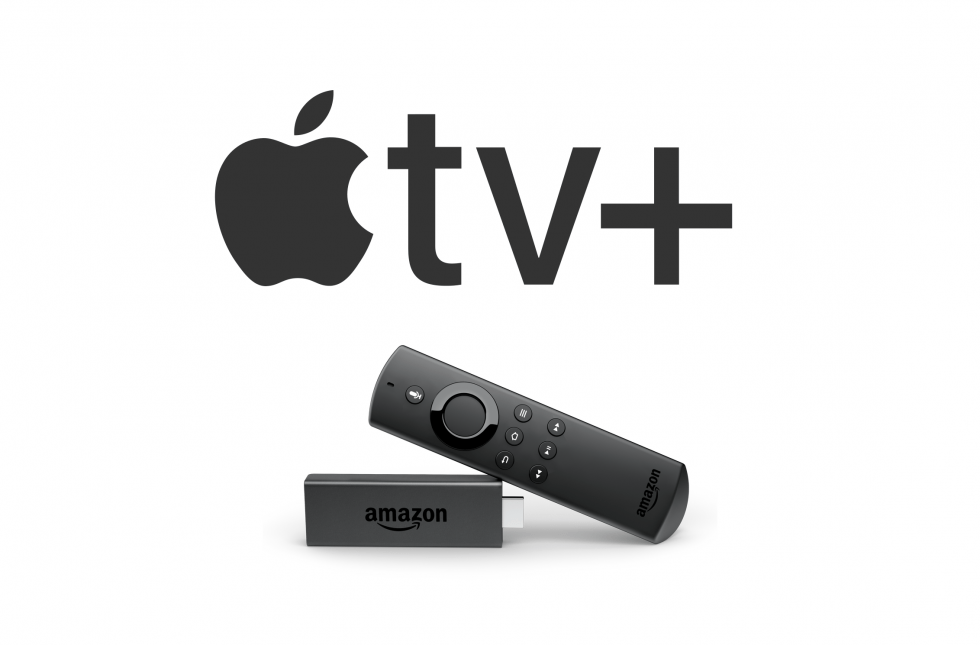 how do i find apple tv on my firestick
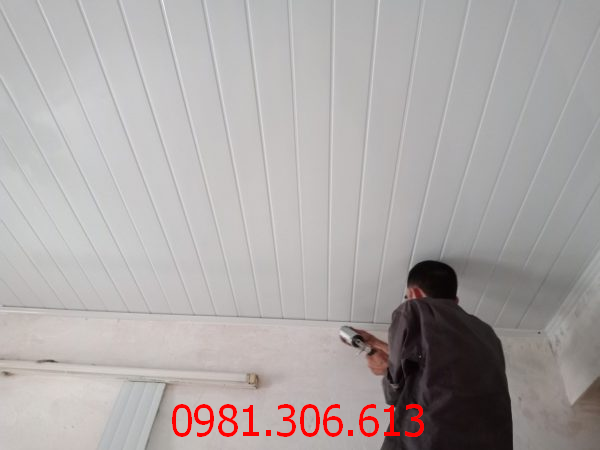 Cách chống nóng cho mái tôn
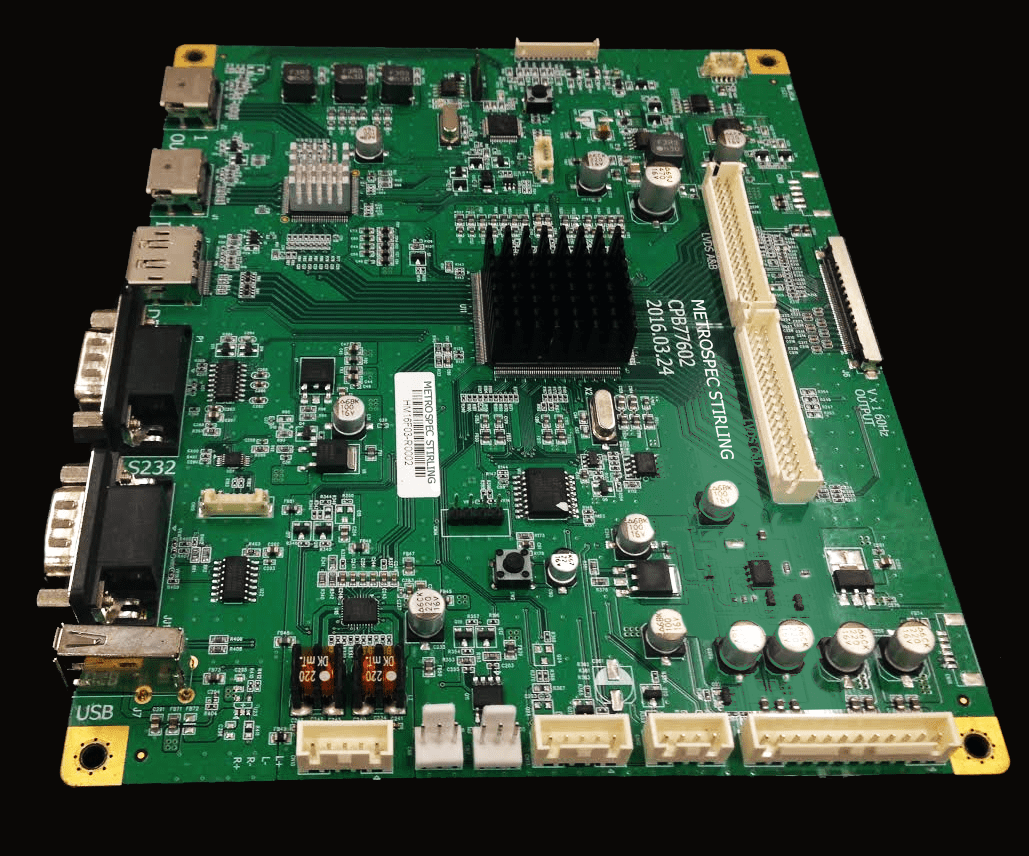 LCD Panel Control Board Selection Guide | Interface Compatibility, Res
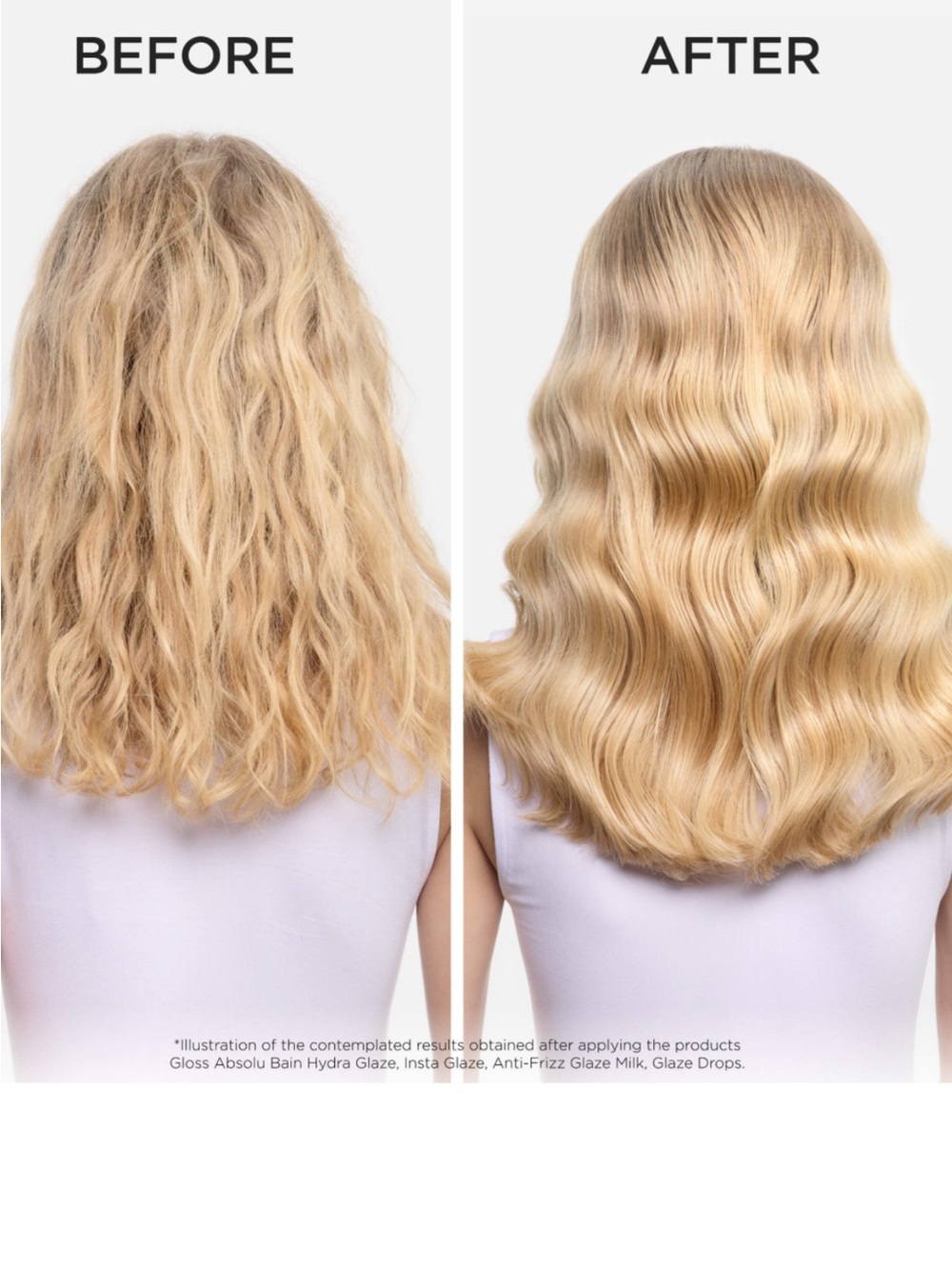 Kérastase Mini Gloss Absolu High-Shine Anti-Frizz Shampoo & Conditioner - Picture 6 of 13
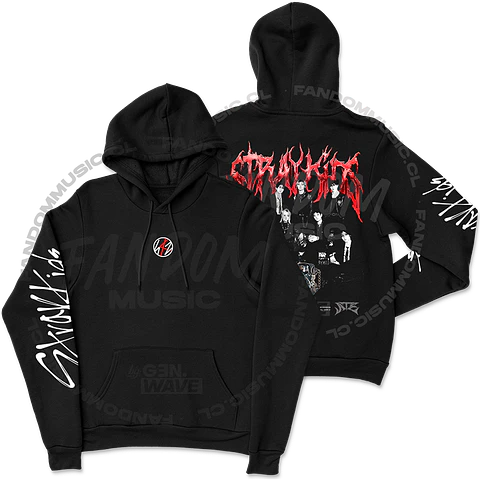 Stray Kids · ATE Hoodie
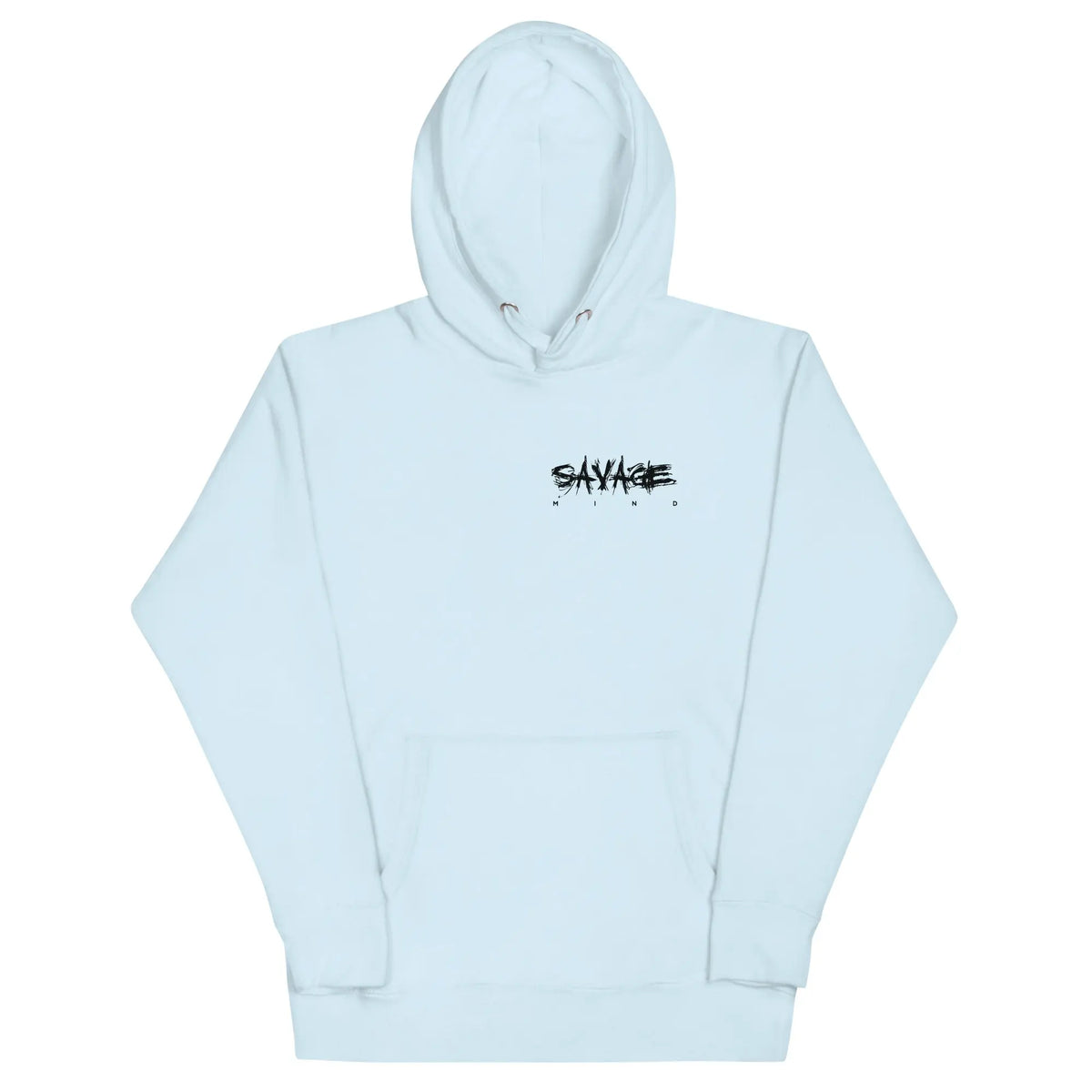 Unisex Hoodie Savage Mind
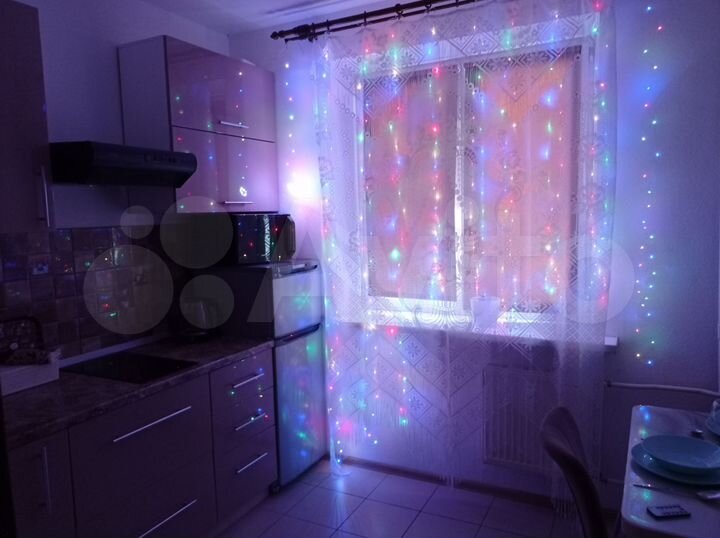 1-к. квартира, 36,6 м², 11/17 эт.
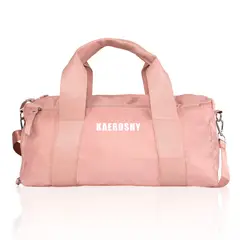 KAEROSHY - Maletín Deportivo Graicy 20L - Rosa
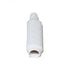 White B-Connector Wire Splices for Low Voltage (100 Pack)...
====
= Problem requirements =
Each line from the one that holds "Kérastase Mini Gloss" through the end of the material should be repeated exactly, and nothing more. Leave out any picture.

= Your response =
 Kérastase Mini Gloss Absolu High-Shine Anti-Frizz Shampoo & Conditioner - Picture 6 of 13
 Stray Kids · ATE Hoodie
 Unisex Hoodie Savage Mind
 1-к. квартира, 36,6 м², 11/17 эт.
 KAEROSHY - Maletín Deportivo Graicy 20L - Rosa
 White B-Connector Wire Splices for Low Voltage (100 Pack)...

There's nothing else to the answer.